How many isomers are there

Isomeric compounds (gr. isos: equal; meros: Part) have different chemical and physical properties with the same empirical formula.

A simple example is butane, which consists of 4 carbon atoms. If its chain is unbranched, the connection is called n-butane (n stands for normal).

However, if the four carbon atoms are arranged in a branched chain, one speaks of Isobutane.

The prefix Iso- refers to a molecule with one or more branches in the main chain.

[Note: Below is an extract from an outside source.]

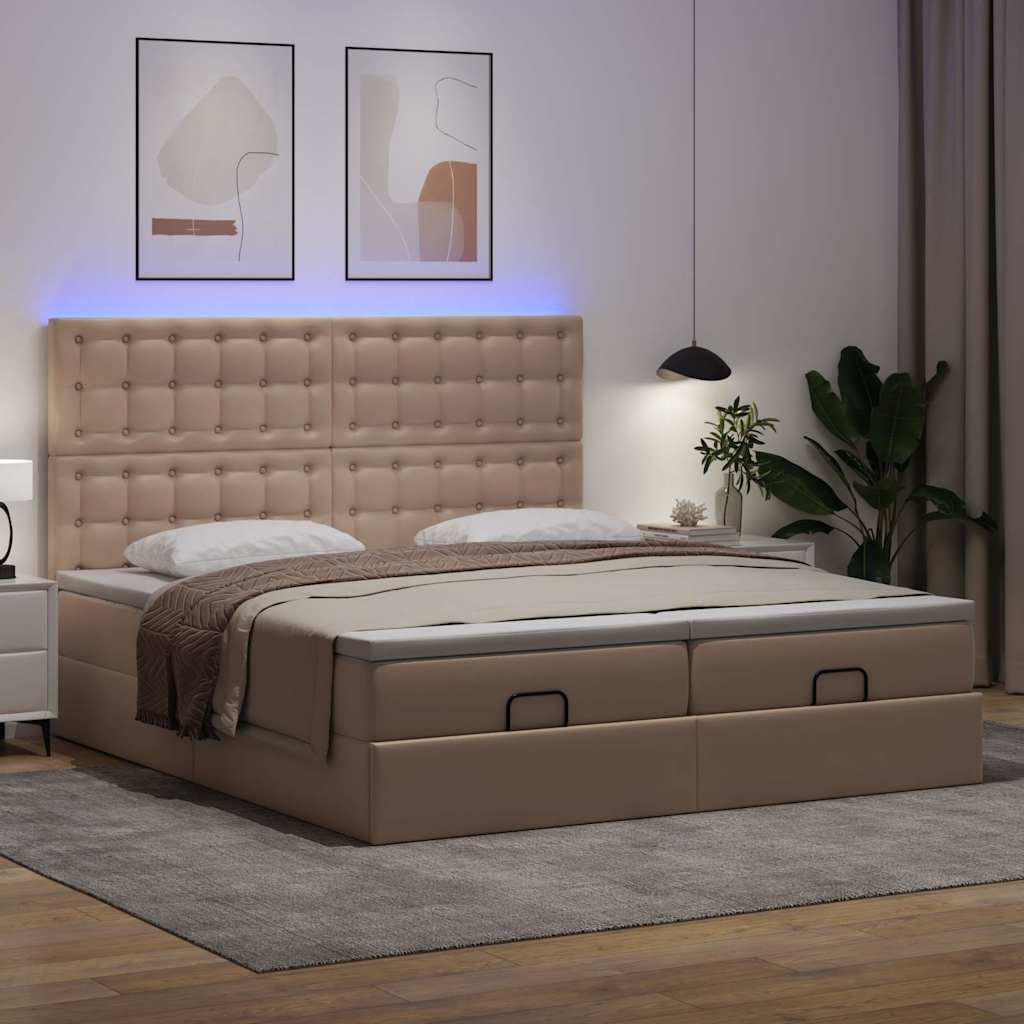 vidaXL Łóżko otomana z materacami i LED, cappucino, 180x200cm ekoskóra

It is about a Constitutional isomerism. The term "skeletal isomerism" is also used for them, since only the structure of the actual hydrocarbon chain differs from isomer to isomer. While butane only has the two isomeric forms shown above, there are already five possible constitutional isomers for hexane.


Naming of the molecules
The connections are named after their longest chain. The position of the side chains is indicated by a number, with counting starting at the end of the main chain that is closest to the first branch. The number in front of the name of the side chain describes at which C atom of the main chain the side chain branches off. If a side chain occurs several times in the molecule, you first have to count how often this happens. The frequency of the side chain is then also indicated by Greek prefixes such as di- (two), tri- (three), tetra- (four), etc. All of these rules can be found in the following example.

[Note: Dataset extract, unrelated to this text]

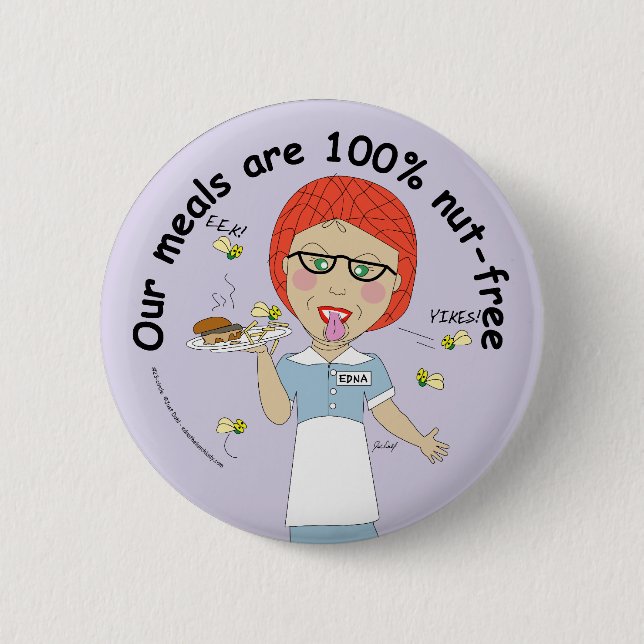 Edna The Lunch Lady Cartoons Button (Front)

As the number of carbon atoms in the molecule increases, so does the number of possible isomers.
The following table shows how many constitutional isomers exist with a certain number of carbon atoms in the molecule:

Number of carbon atomsNumber of possible isomers
C.11
C.21
C.31
C.42
C.53
C.65
C.79
C.818
C.935
C.1075
C.11159
C.12355
C.13802
C.141 858
C.154 347
C.1610 359
C.1724 894
C.1860 523
C.19147 284
C.20366 319
C.2536 797 588
C.304 111 846 763
C.4062 491 178 805 831


At this point a small request to the teachers: There is nothing more boring than endlessly drilled rules of nomenclature. A few simple examples are enough to help you understand the basics. In class work and exams, too, it does not seem to make much sense to only ask for names of hydrocarbon molecules.